WASHINGTON, DC - Moves to ban wooden boards and shelving in cheese making operations has created a furor among the dairy products makers. 

Regional Food and Drug Administration officials in recent weeks have issued advisories to cheese making operations that wooden boards for transporting cheese and wood shelving racks built to hold cheese as it ages may not meet FDA rules for sanitation, especially given the porosity of wood.

Cheese makers counter that wood is key to control moisture in wheels of cheddar and other cheeses. Wood has been used for hundreds of years in the cheese making process. banning its use here could have implications for European cheeses, which are also made on wood surfaces, and might be interpreted as a protectionist move.

One cheese manufacturer told a New York Times reporter that replacement of wooden shelves with stainless would cost $10 million. 
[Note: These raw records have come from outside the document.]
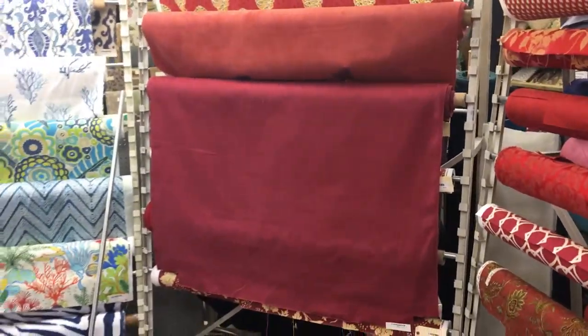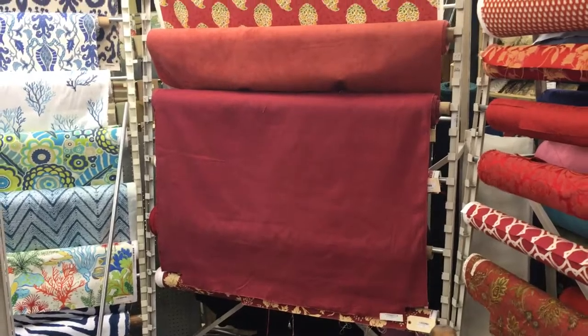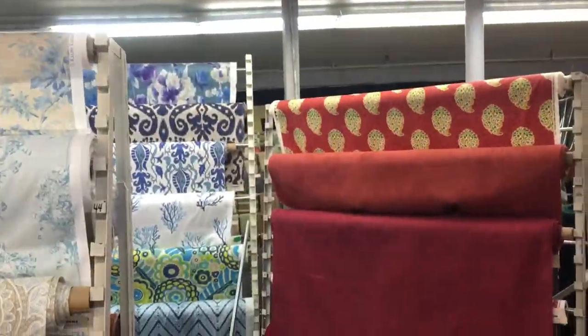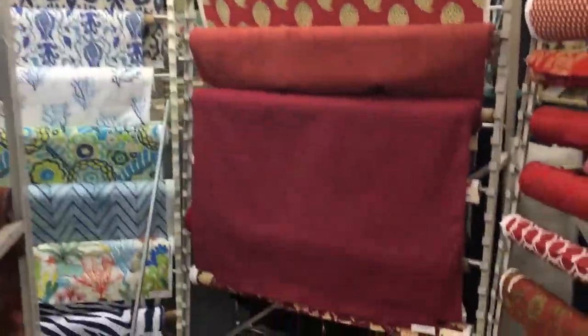This brick red slub — let's see here, get the color right — yeah, it's not quite as pink or as raspberry as the video is showing right now. It's more brick red than that.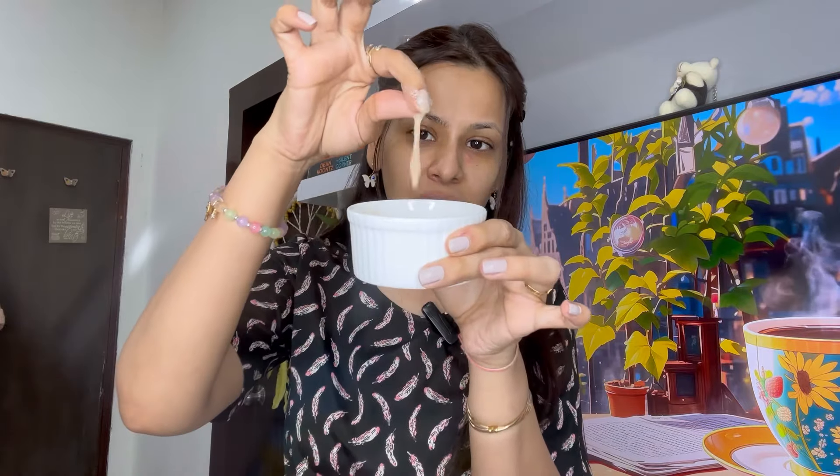Now let's try our third mask, which is a banana mask. I have taken a piece of banana and added some honey along with some lemon drops. If you want to remove tan, get clear skin, remove excess oil, and at the same time brighten your skin, this mask is going to work great for you. We have added lemon drops, which means you're adding vitamin C, so of course it will help brighten your skin and also fight acne and hyperpigmentation.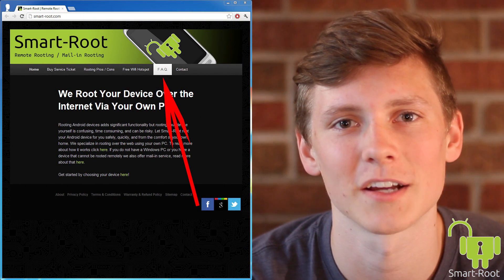Since all of our actions are visible to you, you can be sure that your computer and files are safe. Customer satisfaction is our highest priority. We want you to be ecstatic about your rooted and improved device. Check out our FAQ section for more information, or buy a service ticket to get started.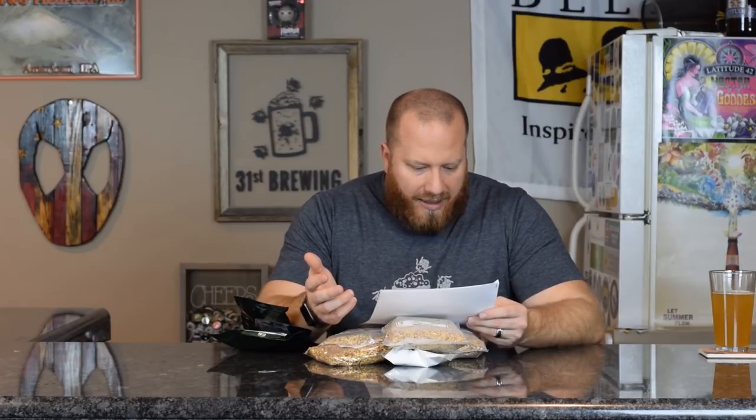Let's look at the instructions. This does say Two-Hearted clone — obviously it's not brewed at Bell's, so that's why they're saying clone. It does say heat 4.5 gallons of water to 163. The mash rest is 70 minutes. We're going to mash in at 150 for 45 minutes.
A sample of official FDA rules for cheese making shows why there could be confusion over use of wooden shelves and boards in the process:

Food-contact surfaces shall be corrosion-resistant when in contact with food. They shall be made of nontoxic materials and designed to withstand the environment of their intended use and the action of food, and, if applicable, cleaning compounds and sanitizing agents. (b) Seams on food-contact surfaces shall be smoothly bonded or maintained so as to minimize accumulation of food particles, dirt, and organic matter and thus minimize the opportunity for growth of microorganisms.

To settle the matter, the FDA issue a statement okaying wooden shelves for cheese:

Recently, you may have heard some concerns suggesting the FDA has taken steps to end the long-standing practice in the cheese making industry of using wooden boards to age cheese. To be clear, we have not and are not prohibiting or banning the long-standing practice of using wood shelving in artisanal cheese. Nor does the FDA Food Safety Modernization Act (FSMA) require any such action. Reports to the contrary are not accurate.

The agency’s regulations do not specifically address the use of shelving made of wood in cheese making, nor is there any FSMA requirement in effect that addresses this issue. Moreover, the FDA has not taken any enforcement action based solely on the use of wooden shelves.

FDA says it has only clamped down where it found Listeria bacteria in plants using wood shelving, which it says amounted to more than 20% of inspections of artisanal cheese makers. "However, the FDA does not have data that directly associates these instances of contamination with the use of wood shelving," the agency said. 

FDA says it will work with the artisanal cheese making community, state officials and others to learn more about current practices and discuss the safety of aging certain types of cheeses on wooden shelving, as well as to invite stakeholders to share any data or evidence they have gathered related to safety and the use of wood surfaces.